As the government of an independent Belgian formed and the duties of each ministry were specified, we learn that one of the chief duties of the Interior Minister was supervising the commemoration of "great men" by Belgian sculptors. This directive decisively determined the course of sculpture in Belgium and constituted an initiative that populated parks and squares during the course of the century and employed dozens of sculptors.

As part of its nation-building process, Belgium initiated an annual salon exhibition that rotated among Antwerp, Brussels, and Ghent, as well as a competition for fellowships that sent student winners abroad for further study. This incited regional rivalry between the older and more prestigious Antwerp Academy, which promoted the Baroque tradition of Peter Paul Rubens and whose students were initially the main winners, and the Brussels Academy, inspired by Italian Renaissance and Neoclassical traditions, and more closely allied with progressive trends in Paris as the century progressed, and whose students dominated beginning in 1869.

At the same time, generous funding for public projects drew foreign artists to the Belgian salons. The renowned French sculptor Jean-Baptiste Carpeaux found avid collectors in Belgium and the sculpture he displayed at the salons prompted stylistic imitation and a resurgence in the popularity of terra cotta sculpture in Belgium. The French Rococo-revival sculptor Ernest-Albert Carrier-Belleuse was even awarded the commission to embellish the Brussels Bourse (stock exchange), and commendably employed a team of Belgian sculptors to execute his designs, along with his French protégé, Auguste Rodin. For the most part, however, public commissions excluded foreign-born artists.

Wijnsouw engagingly describes the sculptural scene, fraught throughout the period with conflicts motivated by a range of factors - self-interest and jealousy, aesthetics and ideology, nationalism and internationalism. Foreign sculptors participated minimally in the Belgian Salon exhibitions, but beginning in the 1850s, Belgians exhibited in rapidly increasing numbers at the Paris Salon, a consequence of the French capital's dominance as the center of European art commerce.

The retrospective construction of a generic Belgian national identity produced some strange and fascinating results. The Mannerist sculptor Giambologna, whose career unfolded in Italy, was Flemish by birth and appropriated as part of a Belgian art history that predated the nation's founding.

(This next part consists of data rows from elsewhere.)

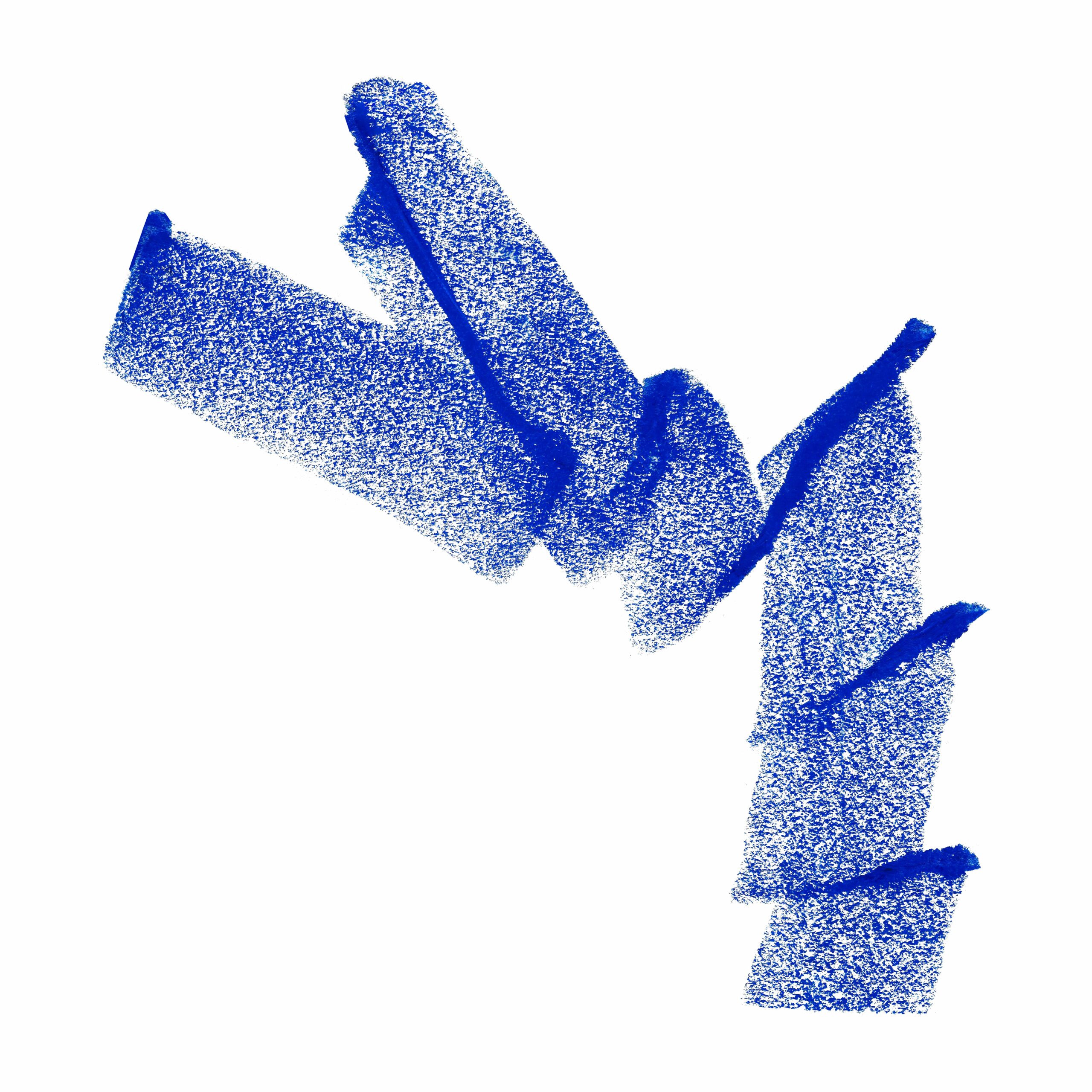 Raga_Logo_Blue_Small Size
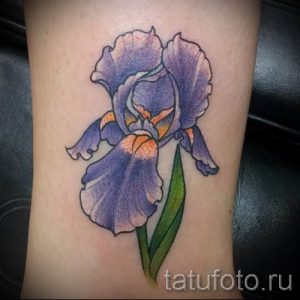 Фото пример тату ирис для статьи про значение татуировки с ирисом 23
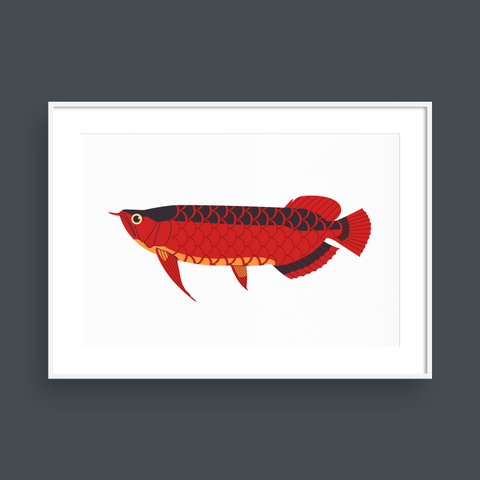  RED AROWANA 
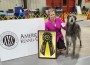 Deerhound_Foxcliffe Claire Randall Fraser2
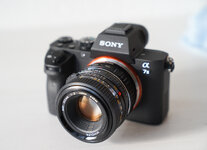 Sony _A7 II-8.jpg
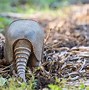 Image result for Armadillo Poop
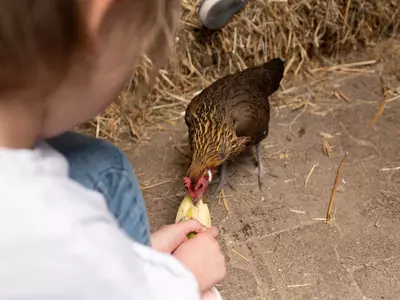 Kind mit Huhn beim Füttern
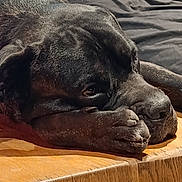 Volt participe au concours pour gagner de l'argent avec cette photo : dog, black_dog, resting, table, wooden_table, paw, close_up, pet, sleepy, indoor, animal, canine, fur, face, expression, relaxed, laying_down, domestic_animal, portrait, quiet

The judicious inclusion of graphs provides helpful overviews. They chart, for instance, the number of public monuments inaugurated in Belgium and the number of Belgian artists participating in the salons in Belgium and Paris, thereby helping readers to correlate commissions with historical events. In the early years of the Kingdom of Belgium, few monuments were commissioned, but there were significant spikes in 1848, the year of populist revolutions throughout Europe, 1871, the end of the Franco-Prussian War, and 1899, the year before the grand 1900 Exposition universelle in Paris. The temporal terminus of 1916 for this study seemed like an odd choice until I learned of the important exhibition Belgian Art in Exile, held in London that year, in the midst of World War I. Many of the 23 sculptors and 61 painters spent the war years in London. The show's purpose was to showcase the 'national character' implicit in the work of Belgian artists at a moment when the tide was turning away from the celebration of national identity in art to the promotion of international modernism.

It would have made smoother reading had the quotes been in English like the rest of the text, with the original French texts accessible in endnotes. Nonetheless, this study is indispensable to gaining a holistic and nuanced understanding of European sculpture during the long nineteenth century.